Don't use this skill when:

  • Single-session agents with no persistence needs
  • Stateless API endpoints
  • Tasks where context window alone is sufficient

Core Concepts

Memory exists on a spectrum from immediate context to permanent storage. At one extreme, working memory in the context window provides zero-latency access but vanishes when sessions end. At the other extreme, permanent storage persists indefinitely but requires retrieval to enter context.

Key insight: Simple vector stores lack relationship and temporal structure. Knowledge graphs preserve relationships for reasoning. Temporal knowledge graphs add validity periods for time-aware queries.

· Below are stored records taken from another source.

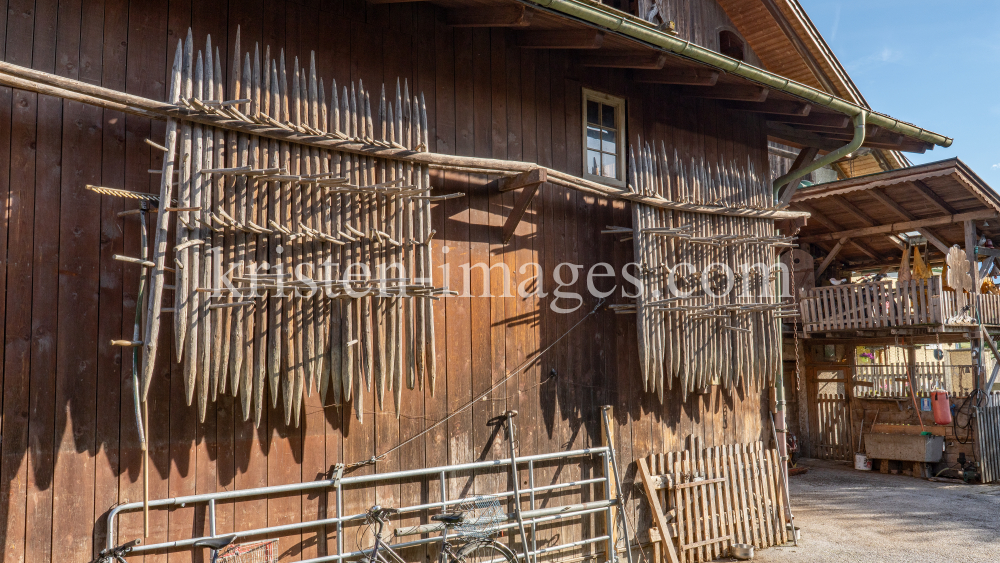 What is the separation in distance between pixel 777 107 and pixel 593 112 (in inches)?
Result: 102

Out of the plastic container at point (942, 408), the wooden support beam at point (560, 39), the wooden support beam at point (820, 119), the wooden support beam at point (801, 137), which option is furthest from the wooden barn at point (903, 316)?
the wooden support beam at point (560, 39)

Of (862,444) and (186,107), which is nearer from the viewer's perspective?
(186,107)

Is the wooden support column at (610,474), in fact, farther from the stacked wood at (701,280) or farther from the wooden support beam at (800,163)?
the wooden support beam at (800,163)

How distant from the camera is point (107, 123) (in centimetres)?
483

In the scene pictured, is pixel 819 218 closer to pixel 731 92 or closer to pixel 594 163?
pixel 731 92

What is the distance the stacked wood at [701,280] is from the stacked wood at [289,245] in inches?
101

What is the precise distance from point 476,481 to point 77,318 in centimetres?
347

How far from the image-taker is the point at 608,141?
7754mm

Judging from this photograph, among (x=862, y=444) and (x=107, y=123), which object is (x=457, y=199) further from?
(x=862, y=444)

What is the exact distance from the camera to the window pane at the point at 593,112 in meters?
7.62

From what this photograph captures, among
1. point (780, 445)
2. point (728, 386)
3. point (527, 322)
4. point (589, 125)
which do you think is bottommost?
point (780, 445)

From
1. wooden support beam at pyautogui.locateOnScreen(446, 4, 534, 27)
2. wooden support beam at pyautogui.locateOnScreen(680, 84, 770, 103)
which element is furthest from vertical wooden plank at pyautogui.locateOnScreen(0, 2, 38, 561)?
wooden support beam at pyautogui.locateOnScreen(680, 84, 770, 103)

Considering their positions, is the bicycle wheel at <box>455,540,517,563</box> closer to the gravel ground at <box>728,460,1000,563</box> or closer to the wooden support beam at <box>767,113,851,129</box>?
the gravel ground at <box>728,460,1000,563</box>

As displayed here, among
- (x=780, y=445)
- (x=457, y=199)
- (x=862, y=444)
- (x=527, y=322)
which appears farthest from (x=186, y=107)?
(x=862, y=444) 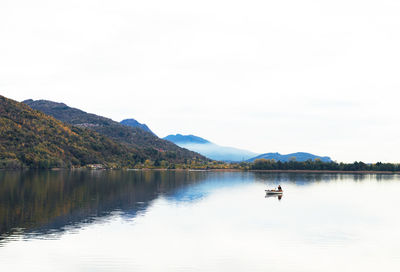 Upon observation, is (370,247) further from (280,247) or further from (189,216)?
(189,216)


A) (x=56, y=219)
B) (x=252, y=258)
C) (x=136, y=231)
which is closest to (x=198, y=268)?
(x=252, y=258)

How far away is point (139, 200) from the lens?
10669 cm

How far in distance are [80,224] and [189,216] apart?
24.8 m

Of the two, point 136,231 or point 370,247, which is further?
point 136,231

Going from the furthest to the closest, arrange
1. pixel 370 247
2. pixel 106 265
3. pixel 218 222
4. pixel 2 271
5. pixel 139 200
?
1. pixel 139 200
2. pixel 218 222
3. pixel 370 247
4. pixel 106 265
5. pixel 2 271

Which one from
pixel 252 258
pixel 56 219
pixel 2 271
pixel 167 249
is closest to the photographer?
pixel 2 271

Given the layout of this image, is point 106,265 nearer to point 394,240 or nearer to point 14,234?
point 14,234

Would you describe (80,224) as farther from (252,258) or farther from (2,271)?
(252,258)

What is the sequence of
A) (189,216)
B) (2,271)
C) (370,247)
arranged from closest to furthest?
(2,271)
(370,247)
(189,216)

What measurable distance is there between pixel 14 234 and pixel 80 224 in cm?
1227

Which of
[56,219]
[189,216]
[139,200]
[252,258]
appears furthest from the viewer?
[139,200]

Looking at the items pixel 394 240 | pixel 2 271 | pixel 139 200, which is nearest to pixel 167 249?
pixel 2 271

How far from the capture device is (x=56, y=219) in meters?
68.9

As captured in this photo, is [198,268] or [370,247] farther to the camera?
[370,247] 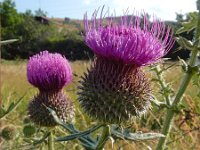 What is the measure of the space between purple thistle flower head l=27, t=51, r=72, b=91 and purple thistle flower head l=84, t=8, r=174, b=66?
80 cm

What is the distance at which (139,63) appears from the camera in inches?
96.4

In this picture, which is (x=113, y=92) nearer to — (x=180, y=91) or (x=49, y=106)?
(x=180, y=91)

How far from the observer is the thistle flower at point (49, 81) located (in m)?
3.24

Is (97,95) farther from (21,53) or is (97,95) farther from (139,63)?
(21,53)

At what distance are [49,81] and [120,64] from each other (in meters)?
0.97

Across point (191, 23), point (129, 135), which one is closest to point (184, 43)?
point (191, 23)

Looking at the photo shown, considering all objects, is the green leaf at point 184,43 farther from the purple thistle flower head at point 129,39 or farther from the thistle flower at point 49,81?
the thistle flower at point 49,81

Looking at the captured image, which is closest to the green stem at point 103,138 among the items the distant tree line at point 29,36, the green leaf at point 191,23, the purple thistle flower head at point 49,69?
the green leaf at point 191,23

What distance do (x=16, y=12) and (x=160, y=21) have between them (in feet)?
222

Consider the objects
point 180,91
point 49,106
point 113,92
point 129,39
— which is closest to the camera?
point 129,39

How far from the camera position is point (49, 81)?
335cm

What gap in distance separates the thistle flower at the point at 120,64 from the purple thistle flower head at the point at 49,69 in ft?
2.23

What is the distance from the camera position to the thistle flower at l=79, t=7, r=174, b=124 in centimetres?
236

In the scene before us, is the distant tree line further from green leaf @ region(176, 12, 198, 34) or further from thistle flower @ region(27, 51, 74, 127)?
green leaf @ region(176, 12, 198, 34) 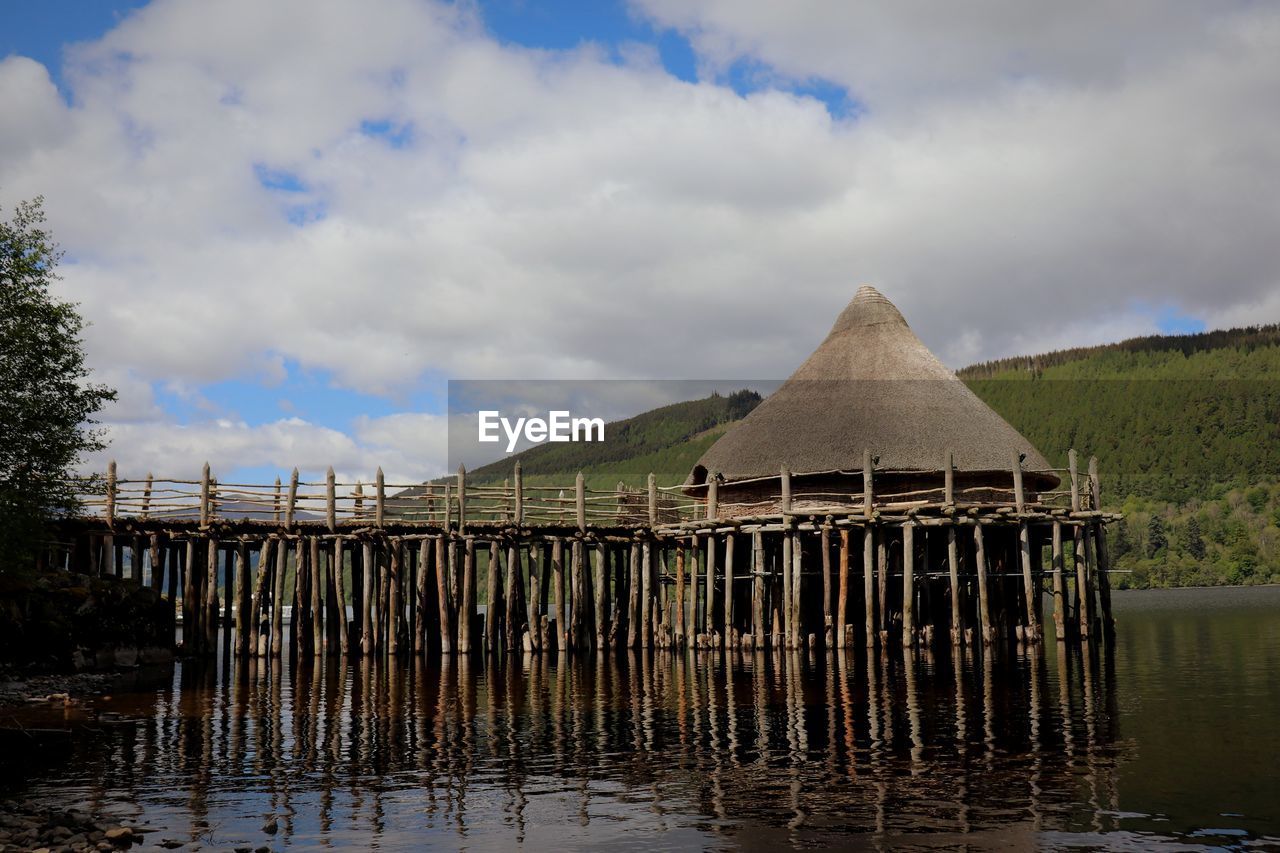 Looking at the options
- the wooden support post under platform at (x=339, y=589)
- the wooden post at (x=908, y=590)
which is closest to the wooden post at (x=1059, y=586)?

Memory Architecture Layers

LayerLatencyPersistenceUse Case
Working MemoryZeroSession-volatileContext window, active reasoning
Short-Term MemoryLowSession-persistentTask state, conversation tracking
Long-Term MemoryMediumCross-sessionUser preferences, learned patterns
Entity MemoryMediumCross-sessionIdentity tracking, property storage
Temporal Knowledge GraphHigherPermanentTime-aware queries, state history

Why Vector Stores Fall Short

Vector RAG provides semantic retrieval by embedding queries and documents in a shared space. This works for document retrieval but lacks structure for agent memory.

Limitations:

  • Relationship loss: Can retrieve "Customer X purchased Product Y" but cannot answer "What products did customers who purchased Y also buy?"
  • Temporal blindness: No mechanism to distinguish current facts from outdated facts
  • No entity consistency: Same entity mentioned differently may not be linked

Benchmark Performance Comparison

Memory SystemDMR AccuracyRetrieval LatencyNotes
Zep (Temporal KG)94.8%2.58sBest accuracy, fast retrieval
MemGPT93.4%VariableGood general performance
GraphRAG~75-85%Variable20-35% gains over baseline
Vector RAG~60-70%FastLoses relationship structure
Recursive Summarization35.3%LowSevere information loss

Memory Implementation Patterns

Pattern 1: File-System-as-Memory

The file system itself serves as a memory layer. Simple, requires no additional infrastructure.

memory/{user_id}/
├── preferences.json # User preferences
├── entities/ # Entity directory
│ ├── project-alpha.json
│ └── customer-123.json
└── history/ # Temporal records
└── 2025-12-27.jsonl

Advantages: Simplicity, transparency, portability Disadvantages: No semantic search, no relationship tracking

Pattern 2: Vector RAG with Metadata

Vector stores enhanced with rich metadata provide semantic search with filtering.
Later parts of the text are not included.